North Dakota's case, with a similar complaint and similar wording to that in Oklahoma, has been rejected.

“This (North Dakota nuisance law) was a statute with identical language,” Brody said. “It did not extend to cases where there was selling of goods.”  

He said the state had walked away from its own case.

Brody said as an example, no one would deny there was an obesity epidemic in the country. He added in such a case, a litigant could go after fast food outlets for creating the obesity epidemic.

“Does this mean fast-food is responsible?” Brody asked. “Public law doesn’t hold gun manufacturers liable for gun violence.”

Brody exhibited a document stating that the state’s theory of public nuisance threatened any company with massive liability without protections.  

He said Janssen’s right to promote its products, to lobby and to associate with pain organizations are protected under the First Amendment.

Tasmanian Alkaloids, a poppy processing subsidiary of Johnson & Johnson from 1982 to 2016, produced about 40 percent of the world’s legal opiate crop. The firm based in Tasmania developed a new strain of poppy that officials called Norman, the crop used to create a substance called thebaine that was used in the production of OxyContin and other opioids.

Brody said there was no evidence Janssen intended to make money off Tasmanian Alkaloids through a company called Noramco.

“Janssen’s drugs represented a tiny fraction of opioids,” he said.

However, Brad Beckworth of Nix Patterson, said the FDA had warned the drug company about misinforming on the use of opioids for chronic pain in 1997. 

Beckworth said Brody had been less than respectful to Oklahoma Public Health Commissioner Terri L. White during her testimony referring to her as “Ms.” Beckworth said she had been referred to as a “radical.”

“This company (J&J) is perpetuating the opioid crisis while we sit here,” Beckworth said  

Beckworth said the U.S. President’s Commission on Combating Drug Addiction supported the state’s case against J&J.

“We’re on the right side of this,” Beckworth said. “We’re doing the right thing under Oklahoma law and they (J&J lawyers) said we were pivoting from the law, it’s not true.”

Beckworth denied he was saying that mere lobbying caused liability and indicated that to compare the case to obesity in the country as Brody had done was a dodge of the issue.

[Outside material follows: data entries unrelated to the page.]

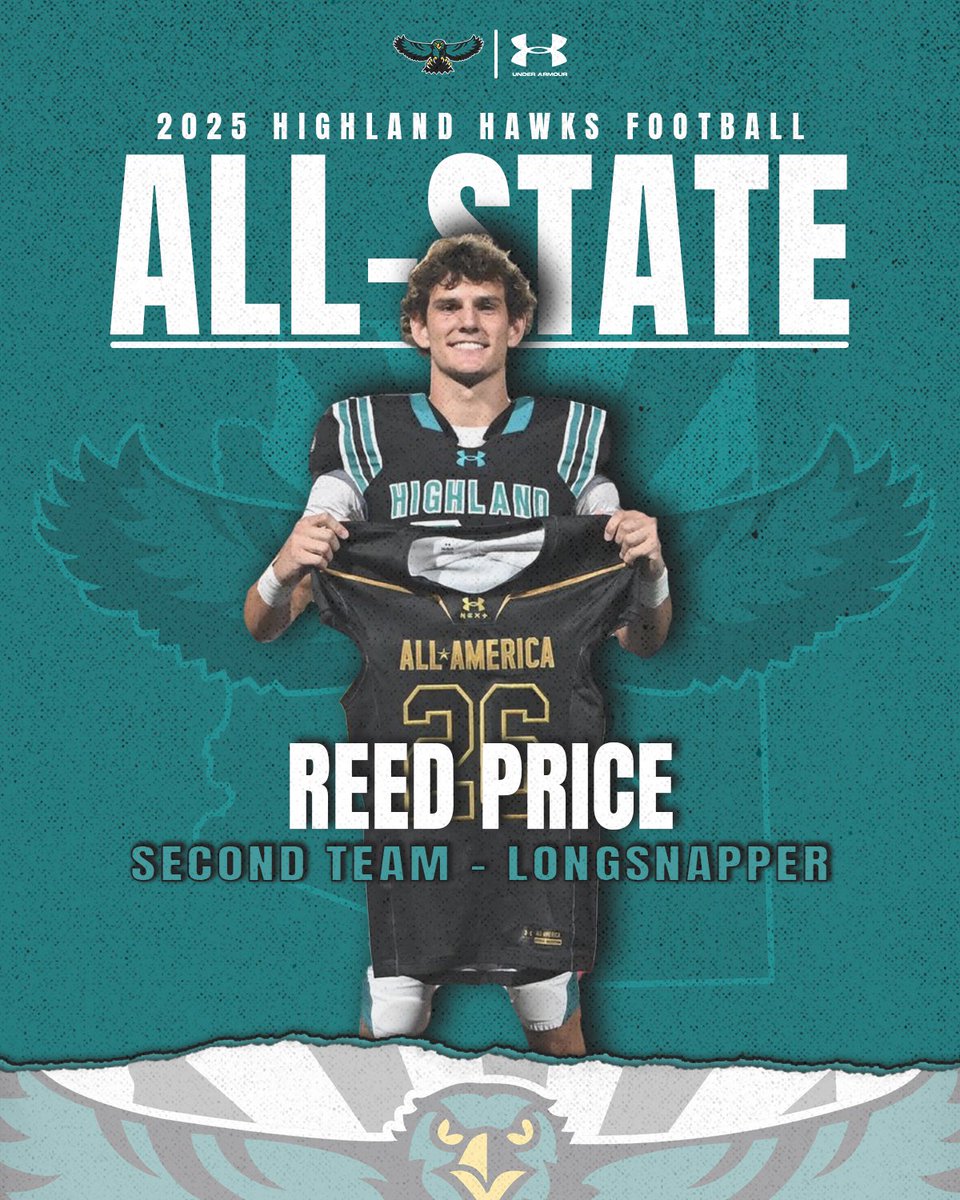 Highland Hawks Football tweet media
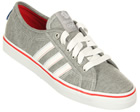 Adidas Nizza LO CL Team GB Grey/White Material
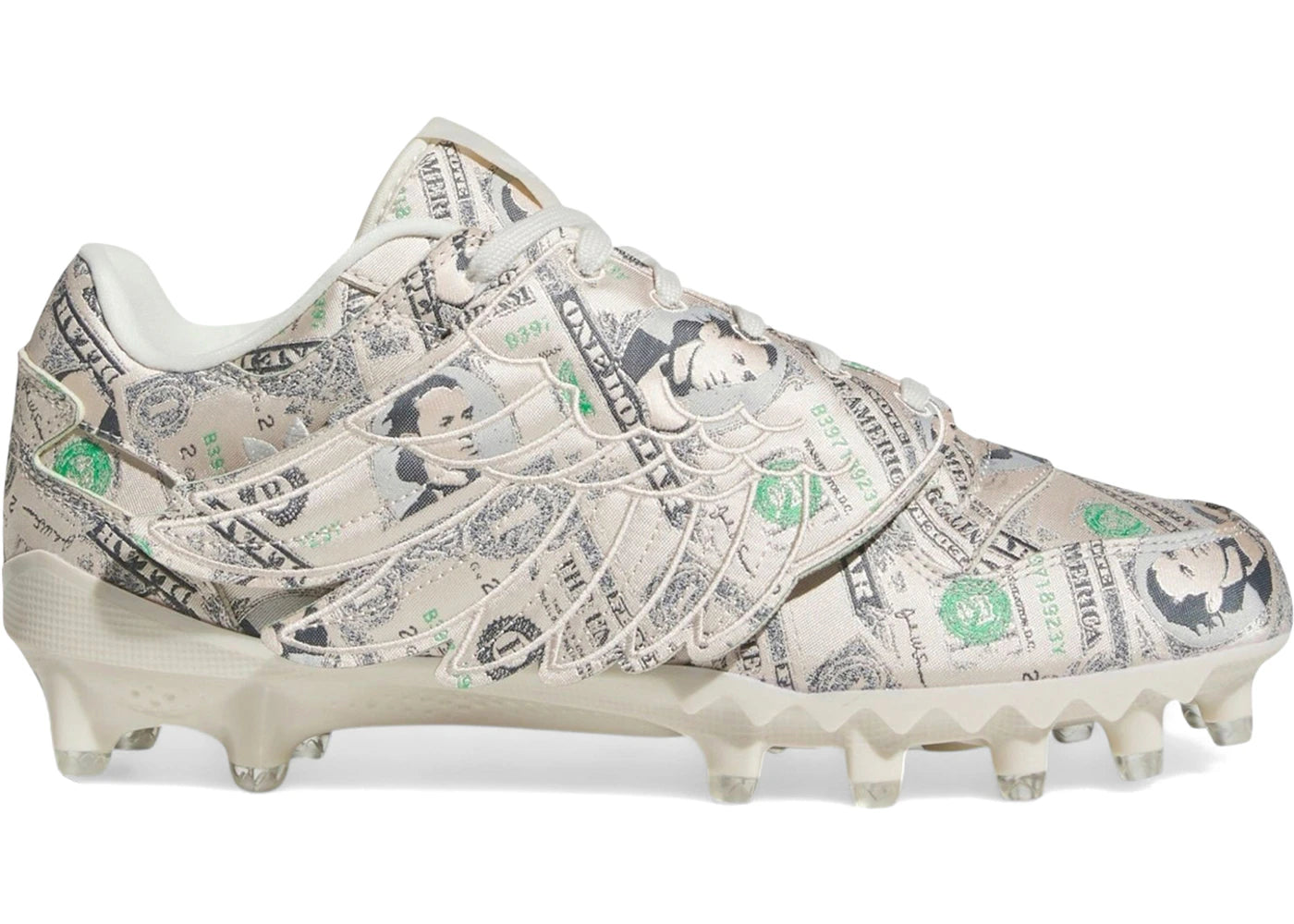 adidas Forum Wings Football Cleat Jeremy Scott Money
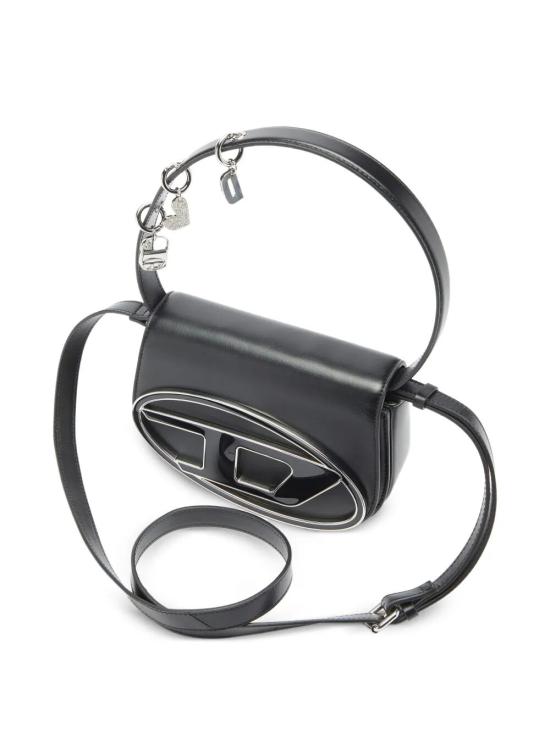26FW 디젤 숄더백 X08396 P9249 T8013 BLACK - DIESEL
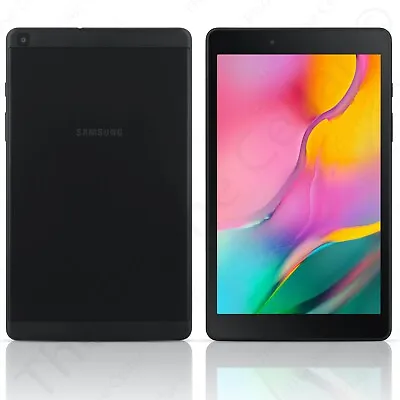 Samsung Galaxy Tab A SM-T290 Android Tablet 8  WXGA 32GB RAM 8MP Black • $59.99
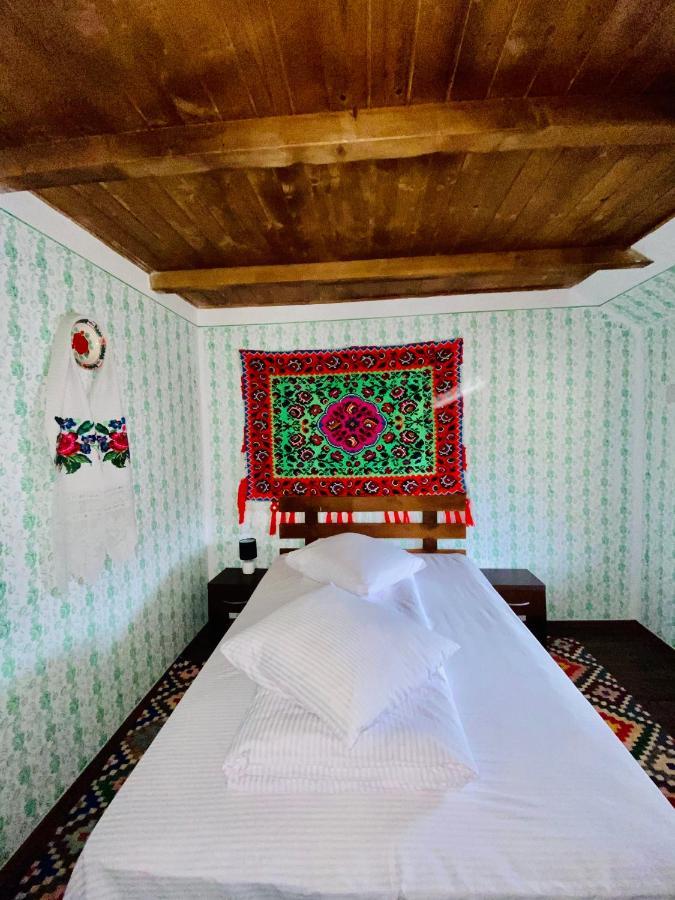 Floare De Maramures 1 Vadu Izei Bagian luar foto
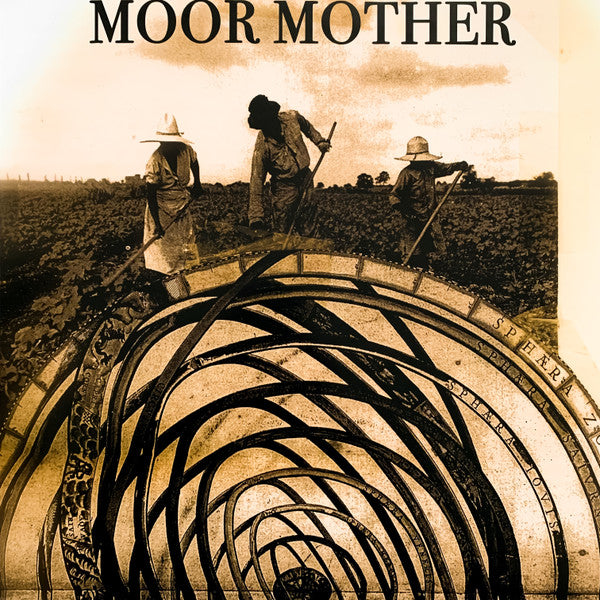 Moor Mother ~ Fetish Bones (Vinyl) - Djungel & Jazz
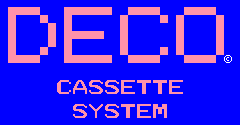 System BIOS (DECO Cassette System) - System BIOS (DECO Cassette System)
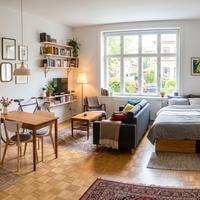 BILOCALE con GIARDINO PRIVATO / INFERNETTO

“I’ve never seen lawyers try to cut off witnesses (testimony) the way these lawyers (J&J) do,” he said. “We never said property was required in a nuisance case.”

Beckworth called the attempts of the J&J lawyers a public relations stunt designed to sway the public.  

He said First Amendment protections did not include going beyond drug labeling to aggressively promote drugs in an irresponsible manner.

“Market share doesn’t matter, this is not a damages case, when you cause an epidemic,” Beckworth said.

During the trial, lawyers for the state exhibited charts that showed sales calls on doctors made by opioid sales reps for Johnson & Johnson going up at the same rate with opioid overdose deaths, peaking in the years 2006 and 2014.

Beckworth called a correlation example used by J&J attorneys as “lawyer drivel.” The exhibited statement said that ice cream (eating) and crime both go up in the summer, but that does not mean that ice cream causes homicides.

Beckworth held in his hand an ice cream cone.

“It’s gross,” he said of the comparison (ice cream to crime). 

Beckworth said sales efforts included scripted propaganda directed at doctors and low-quality articles claiming that opioids were safe, combined with flawed claims and aggressive marketing plus bogus educational outreach.

He said the Oklahoma nuisance law does not have to specifically relate to the use of property.

“They (J&J) used cars, doctor’s offices and the internet,” Beckworth said. “We do not have a negligence claim, we’ve never seen anything like this (epidemic). They can market, but they can’t say the drugs are safer than they are.”

Beckworth called the efforts to sell the drugs a “sinister plan."